I am against employment. Why should everyone be happy? Our society needs losers so that the winners can feel that much better. If everyone were always happy, it would be like christmas year round.
 
this bill is "deficit neutral" because it taxes the kind of high risk trading that put us in this mess in the first place....thus, instead of creating jobs it makes us partners in ending them.....typical liberal approach......end private sector jobs, then put people on public works projects.....
 
Only libtards think the government can create jobs. :palm:

Actually, in some cases the gov't does create jobs. Right now there are some large scale utility builds and rebuilds going on because of gov't funding. The people involved in those jobs get paid good money for skilled work.

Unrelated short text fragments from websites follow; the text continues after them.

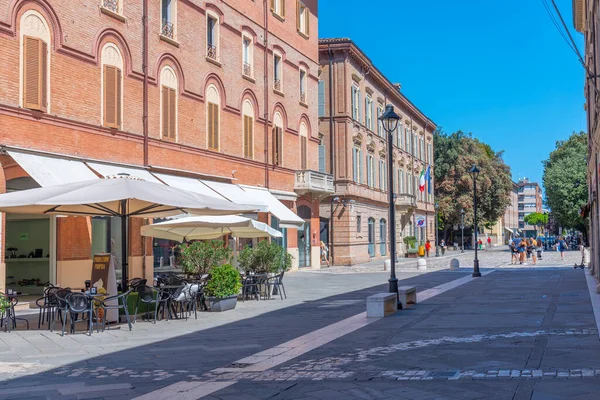 Rimini, İtalya, 2 Eylül 2021: İtalyan kasabası Rimini 'nin merkezinde Dar Sokak.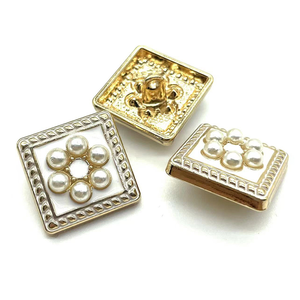 מתכת אופנה ריינסטון מתכת פרל שוק מעטפת תפירת כפתור עבור אביזרי בגד - Product Image 2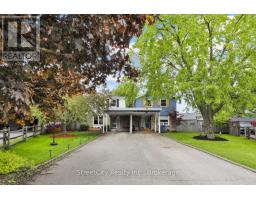 35 BABB CRESCENT - 2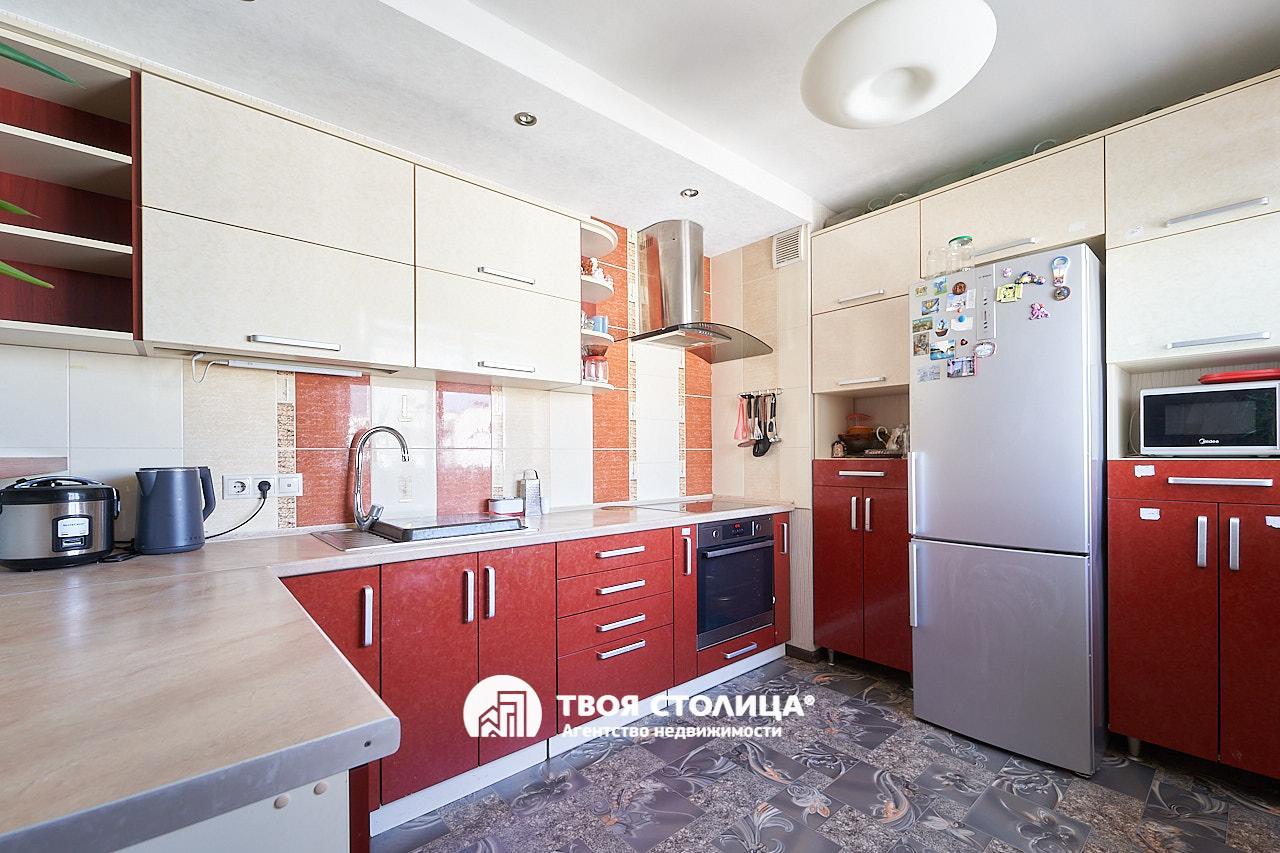  трехкомнатной квартиры
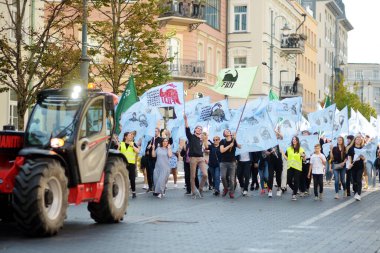 VILNIUS, LITHUANIA - 11 Eylül 2021: Vilnius Üniversitesi Fizik Fakültesi tarafından her yıl düzenlenen Dinozor Geçit Töreni 'nin mizahi bir etkinliği olan Fizikçiler Günü Fidi' ne katılan insanlar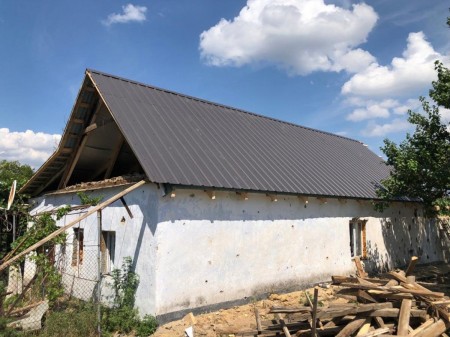 14 помешкань у Благодатівці – з новим дахом: волиняни допомагають відбудовувати Херсонщину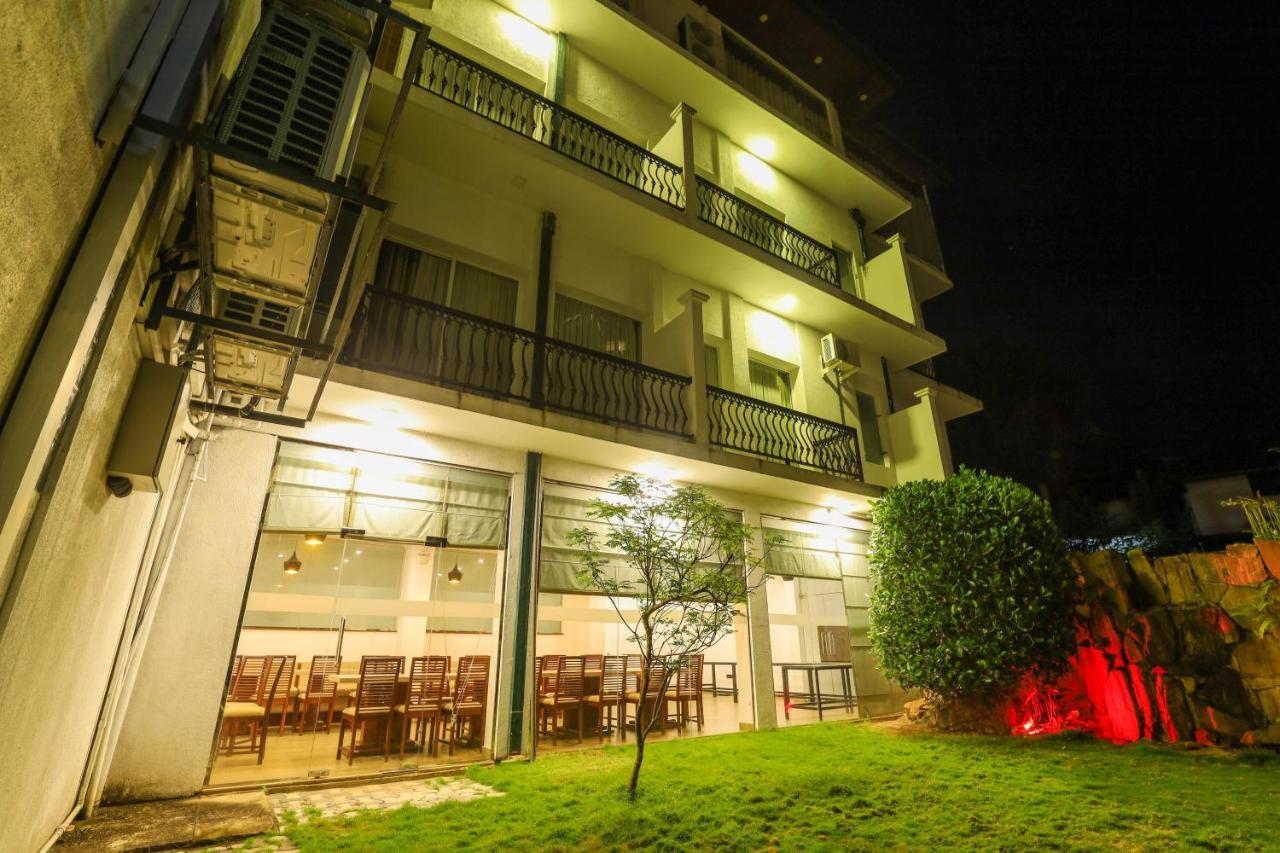 Hotel Ganthera Kandy Exterior foto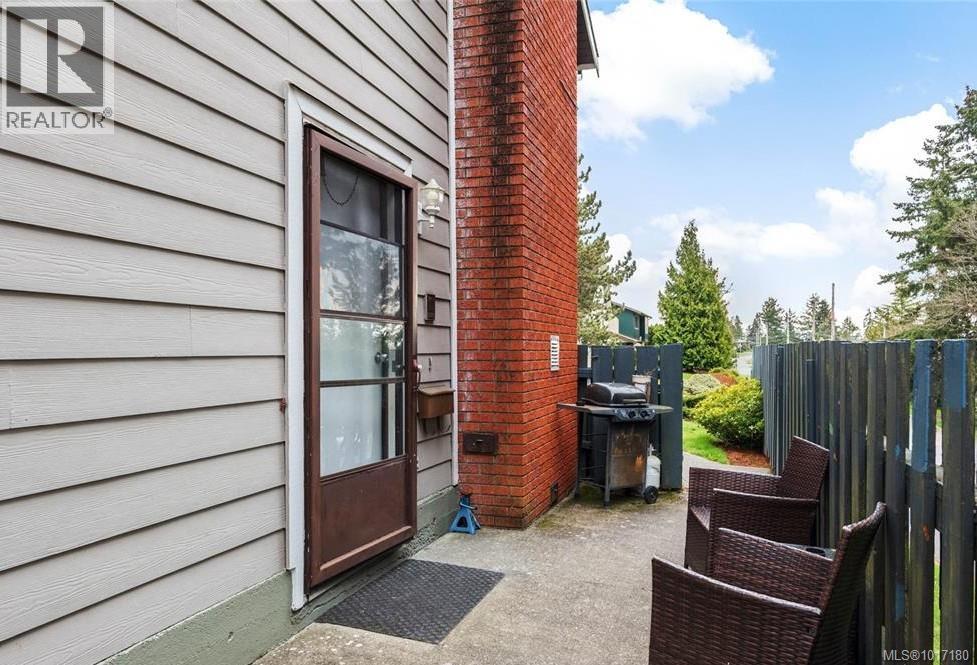  550 Fermoy Place, Saanich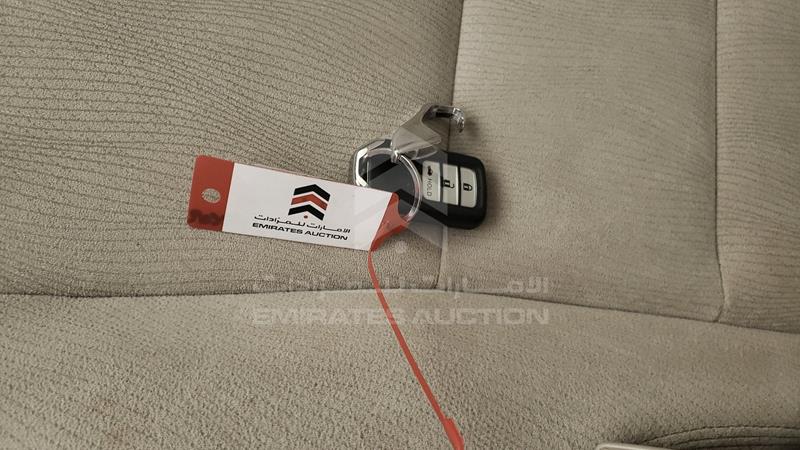 1HGCR2676EA608644 Auction: EmiratesAuction Lot: 405934 1HGCR2676EA608644 Honda Accord 2014 WHITE Photo 4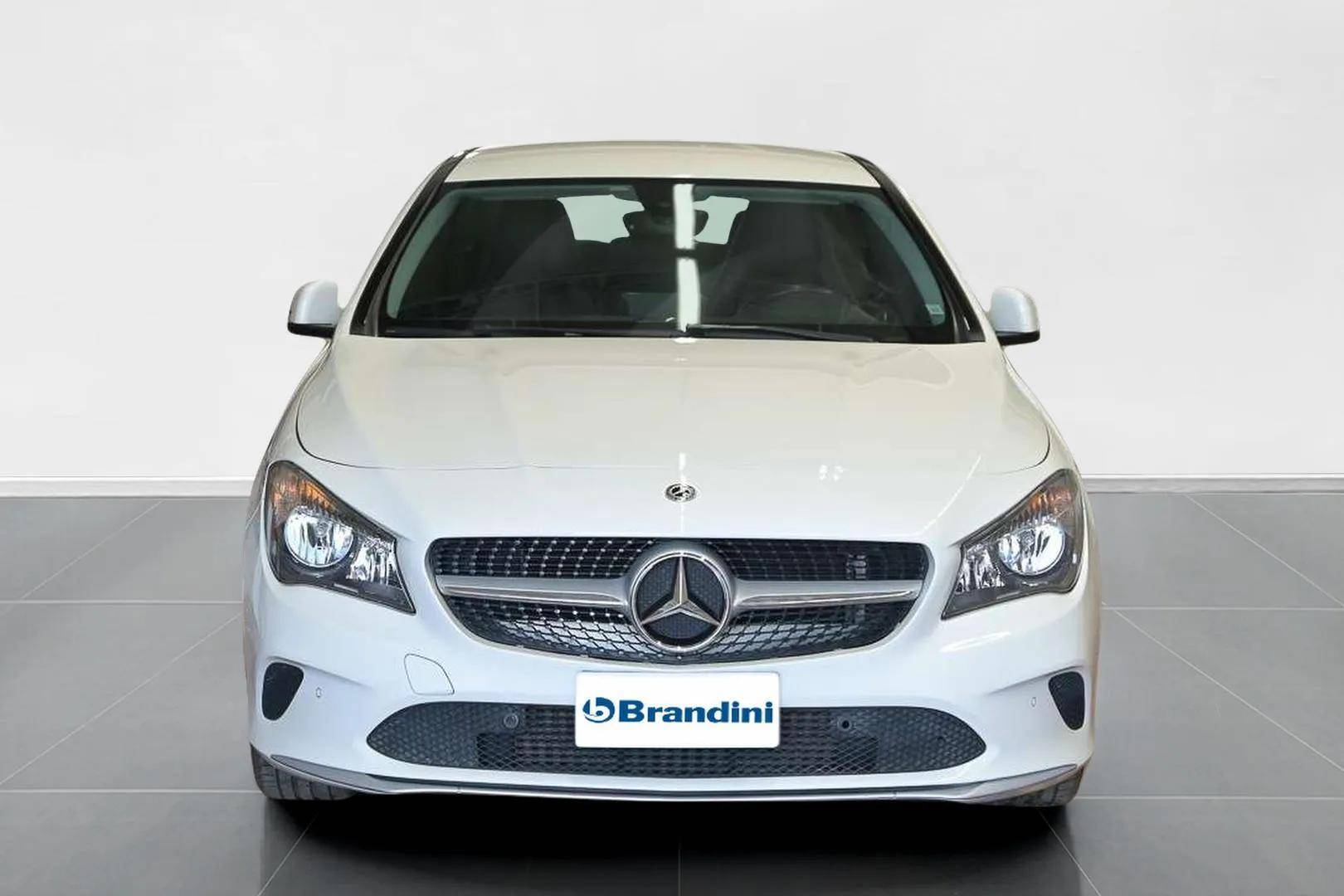 MERCEDES CLA - Foto 2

I agree that most of the time it is up to the private sector to create jobs, and rightly so. But gov't money can jumpstart projects that would otherwise not get started in tough economic times.
 
Actually, in some cases the gov't does create jobs. Right now there are some large scale utility builds and rebuilds going on because of gov't funding. The people involved in those jobs get paid good money for skilled work.

I agree that most of the time it is up to the private sector to create jobs, and rightly so. But gov't money can jumpstart projects that would otherwise not get started in tough economic times.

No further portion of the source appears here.